Domain Key Normal Form Every constraint on the relation must be a logical consequence of the domain constraints and the key constraints that apply to the relation. Key: unique identifier. Constraint: rule governing attribute values. Domain: set of values of the same data type. No known algorithm gives DK/NF.

E-R Model and Normalization When an E-R diagram is carefully designed, identifying all entities correctly, the tables generated should not need further normalization. However, in a real (imperfect) design there can be FDs from non-key attributes of an entity to other attributes of the entity. The keys identified in E-R diagrams might not be minimal - FDs can help us to identify minimal keys. FDs from non-key attributes of a relationship set are possible, but rare.

Denormalization & Performance May want to use non-normalized schema for performance. E.g. displaying customer-name along with account-number and balance requires join of account with depositor. Alternative 1: Use denormalized relation containing attributes of account as well as depositor. faster lookup. extra space and extra execution time for updates. extra coding work for programmer and possibility of error in extra code. Alternative 2: use a materialized view defined as account ⋈ depositor as above, except less extra coding, errors.

Limits of Normalization Examples of bad database design, not caught by normalization. Good: earnings(company-id, year, amount) Bad: earnings-2000, earnings-2001, earnings-2002, etc., on (company-id, earnings) all are BCNF, but querying across years difficult needs a new table each year company-year(company-id, earnings-2000,earnings-2001, earnings-2002) in BCNF, but querying across years difficult requires new attribute each year

Summary 1 – Rules to Watch 1NF: attributes not atomic. 2NF: non-key attribute FD on part of key. 3NF: one non-key attribute FD on another. Boyce-Codd NF: overlapping but otherwise independent candidate keys. 4NF: multiple, independent multi- valued attributes. 5NF: join dependency. Domain Key / NF: all constraints either domain or key

Summary 2 – Concepts Functional Dependencies: Axioms & Closure. Lossless-join decomposition. Design Process. Normalization Problems.
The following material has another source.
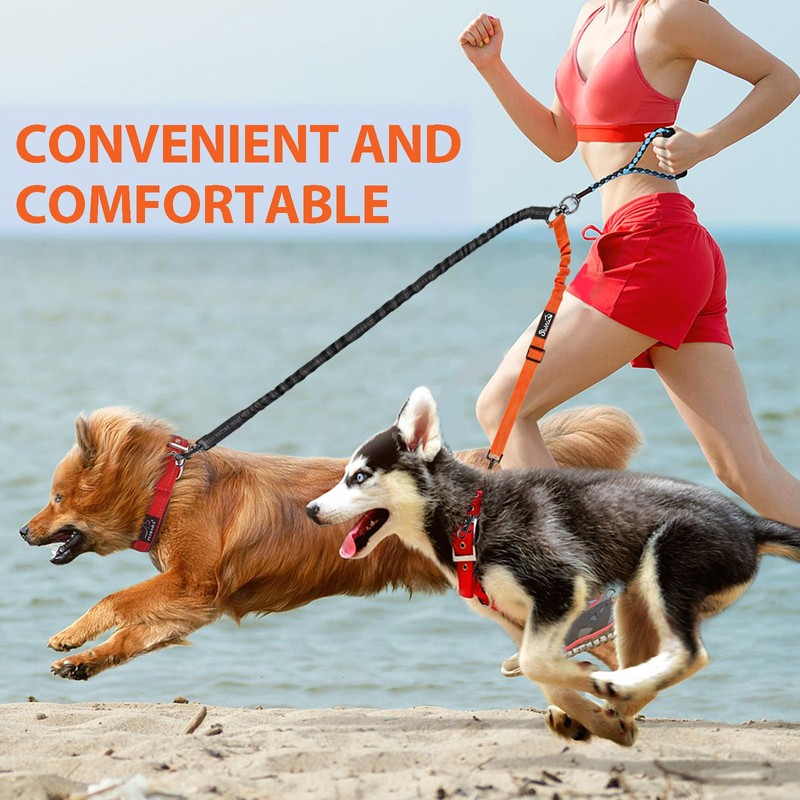 Double Dog Lead No Tangle, No Tangle Split Lead for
Next: Interfaces and Architectures

Reading & Exercises Reading Exercises: Connolly & Begg Chapter (13, 14) Silberschatz Chapters 7. Any other book, the design/normalization chapter. Exercises: Silberschatz 7.1, 7.2, 7.16, 7.23, 7.24, 7.27-29

Next Week Architectures and Implementations Integrity and Security

Slides after and including this one you are not responsible for, but I am saving in case I decide to use them in the future.
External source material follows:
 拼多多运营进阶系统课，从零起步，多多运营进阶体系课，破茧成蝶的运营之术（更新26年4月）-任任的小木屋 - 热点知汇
Goal: Formalize “Good Design” Process: Decide whether a particular relation R is in “good” form. In the case that a relation R is not in “good” form, decompose it into a set of relations {R1, R2, ..., Rn} such that: each relation is in good form, the decomposition is a lossless-join decomposition. Theory: Constraints on the set of legal relations. Require that the value for a certain set of attributes determines uniquely the value for another set of attributes – functional dependencies.